Fin qui la favola. Fino al 15 aprile 2014, quando Emmanuel de Merode è di ritorno da Goma, capoluogo della provincia del Nord Kivu, sotto la cui giurisdizione si trova il parco dei Virunga, per tornare a Rumangabo, sede della direzione del parco. Viaggia solo, de Merode, a bordo del suo fuoristrada. Quattro colpi d’arma da fuoco lo raggiungono allo stomaco. Un agguato. Un motociclista di passaggio mette in fuga gli aggressori, salvando quasi certamente la vita al principe. Trasportato d’urgenza in ospedale in condizioni estremamente critiche e sottoposto a un delicato intervento chirurgico, Emmanuel de Merode si salva e, dopo alcune settimane di convalescenza, fa ritorno al suo posto di lavoro.
Ciò che trasforma la favola in thriller, però, è che il direttore del parco, quel 15 aprile, si era recato a Goma per depositare in tribunale un dettagliato esposto sugli abusi di una piccola compagnia petrolifera inglese, la SOCO, che aveva ottenuto dal governo congolese il permesso di condurre esplorazioni all’interno del parco, in spregio a tutte le norme, e che stava inanellando una lunga serie di violazioni ambientali. Nessuna prova - è bene dirlo - collega direttamente i due fatti, se non l’impressionante sequenza temporale. Ma il fatto in sé e la portata del personaggio hanno generato un clamore tale che la compagnia inglese si è subito sentita in dovere di diramare un comunicato stampa nel quale prendeva le distanze dall’accaduto, dichiarandosene totalmente estranea. Excusatio non petita… dicevano i latini.

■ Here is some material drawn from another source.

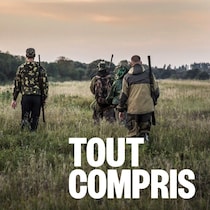 Des chasseurs, de dos, parcourent une prairie, leurs fusils accrochés sur le dos.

L’attentato a Emmanuel de Merode è stato la goccia che ha fatto traboccare il vaso di una situazione che le associazioni ambientaliste stavano da tempo tenendo sotto controllo. Il WWF, in particolare, che già ad ottobre 2013 aveva presentato denuncia contro la SOCO, ne ha tratto la forza per una campagna mediatica e una raccolta firme di proporzioni tali che, nel mese di giugno 2014, la compagnia petrolifera ha dichiarato di sospendere le esplorazioni all’interno del parco. Ma attenzione a cantar vittoria: sospendere non significa cessare. E non appena l’attenzione internazionale scemerà, il rischio è che si riparta alla carica, complici i politici corrotti nazionali che intascano certo non solo belle parole.

Alzare la testa e dire no

Ecco. Vi ho raccontato una storia. Come questa, ne esistono a centinaia, sparse per il mondo. Storie che spesso nemmeno conosciamo. Storie che contengono una doppia prova: il potere e l’assenza di scrupoli di chi (multinazionali ma non solo) fa del profitto la propria missione, ma anche il potere delle mobilitazioni dal basso. I veri poteri forti spesso non sono oscuri, anzi, agiscono alla luce del sole, come quella mano armata che ha sparato a de Merode, e agiscono nell’impunità che è assicurata loro dalla nostra indifferenza. I veri poteri forti esistono, si servono di noi, del nostro silenzio, della nostra incapacità di vedere, del nostro quieto vivere. Ci usano come oggetti pronti a consumare e arricchire le loro tasche. E ci temono quando, insieme, uniamo le forze e alziamo la voce. Ma allora: il vero potere forte non saremo forse noi, quando sappiamo alzare la testa e diciamo no ad abusi e sfruttamento?